The Two-Edged Sword of Insecurity
This article first appeared in the Minden Times in April 2024.
Astra Taylor gave the Massey Lecture this year on the Age of Insecurity. She’s a bright young thing, talks very fast, twirls your mind like black licorice and leaves you with something to chew on. (Available wherever you get your podcasts, as they say.) I found myself nodding a lot!
Here’s what she said in the first salvo that resonated with me:
One: insecurity is an existential component of life. It’s hard-baked into the human condition. For good reason. Because the only way we can be protected from everything, have absolutely nothing to worry about, is to be dead. It is either both good and bad, or neither good nor bad. It just is – and it’s integral to life. Taylor calls this existential insecurity.
Two: insecurity is an integral element of capitalism. The DNA of capitalism, its only reason for being, is to make money. This enables you to buy everything you may need. Capitalism seeks through blanket marketing to ensure that you will never feel confident that you have everything you need, that there will always be something, perhaps not even created yet, without which life is not good. Capitalism consistently sells insecurity. Taylor calls this manufactured insecurity.
Three: The only antidote for insecurity is community, the sense that someone/s has your back. Before capitalism took root and spread like crab grass, communities were self-sufficient. If we want to talk about what they didn’t have – cell phones, processed food, airline travel – we must also include insecurity. The community collectively had what it needed to survive. When it didn’t, it died. Which, as we’ve established, is the ultimate freedom from insecurity. Death in those cultures was very much part of life, not something that must be avoided at any cost. (Cost: got that?)
The rise of capitalism required the death of community – because capitalism requires insecurity and community addresses insecurity. In recent civilized history, this started with the Enclosure Movement, the methodical clawing back of the Commons to private ownership, which stole from Commoners the means to be self sufficient. Eventually Commoners were squeezed to the point where they had to exchange the only thing they owned, their labour, in order to survive. This birthed the Industrial Revolution which tipped the world into the destruction of global warming. (In North American history, this appeared as colonialism: terra nullius and the Doctrine of Discovery, another route to global destruction as is being played out in the present.)

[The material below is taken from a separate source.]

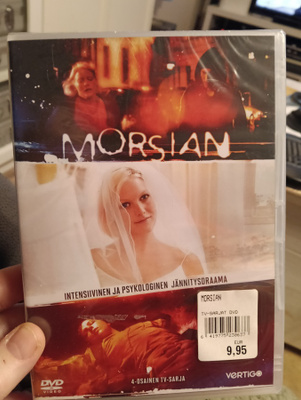 Morsian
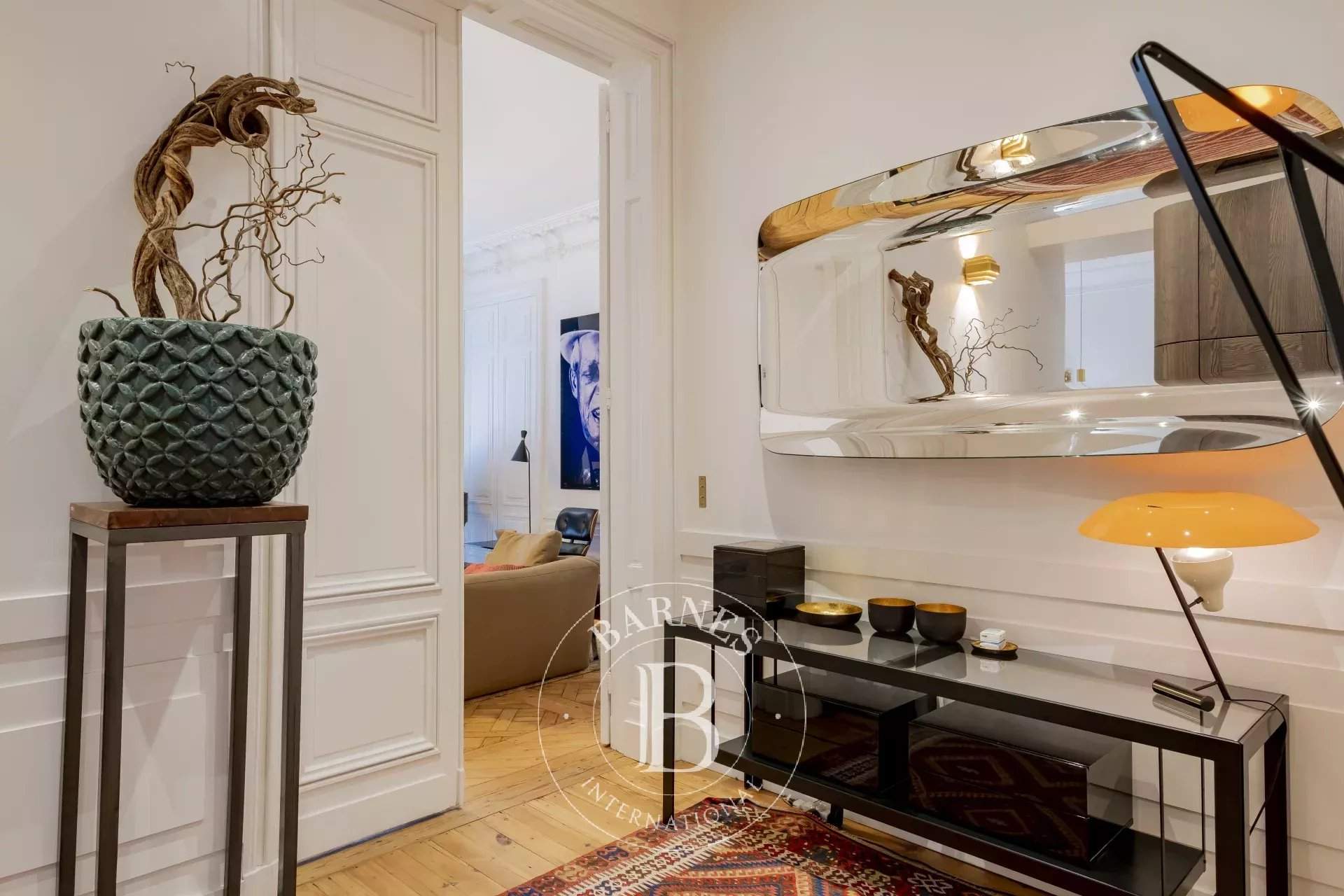 Bordeaux  - Apartment 3 Bedrooms - picture 5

So it follows that the antidote for insecurity is the resurrection of community. It seems almost heretical to say that, after the massive outpouring of veneration for Brian Mulroney as the Father of International Trade, but I believe the outpouring was for him as a man who had the courage of his convictions, rather than for the wisdom of those convictions, given the burgeoning inequality they midwifed.
And if it’s so, that community destroys insecurity, we have an advantage as a small rural community for whom building self-sufficiency is rememberable history. We had a little sip of that in the early days of the pandemic, when the government did what I think governments are supposed to do, look after the basic needs of its people, and provided what amounted to a Guaranteed Annual Income. We re-acquainted ourselves with challenge and joy of our kitchens. We prioritized our social connections and invested in the care of others. We bundled up and socialized in fresh air. We found ways to be entertained without spending money. We stayed close to home. We gave the environment a break.
We ‘discovered’ – or maybe uncovered is the better word, as in exposing a repressed secret – that loneliness kills. Of course capitalism wants to monetize that discovery, wants to sell the cure -- for a profit. But the truth is that human connection, caring for others, is not an easily commodifiable product. We can create the conditions under which it happens, but we can’t make people click. It happens or it doesn’t: that’s the human part, the part that AI can simulate but not produce. A robot pet may be better than nothing, but it’s not a solution to loneliness, it’s not going to build community, it’s not going to go a-commoning.
Did you know commoning is a verb? It means to act for the wellbeing of the community. Who is going to go a-commoning? We are, if we choose. Insecurity, community, lemme see, which feels like how I wanna be? Hmm, I think community sounds a bit enticing, don’t you?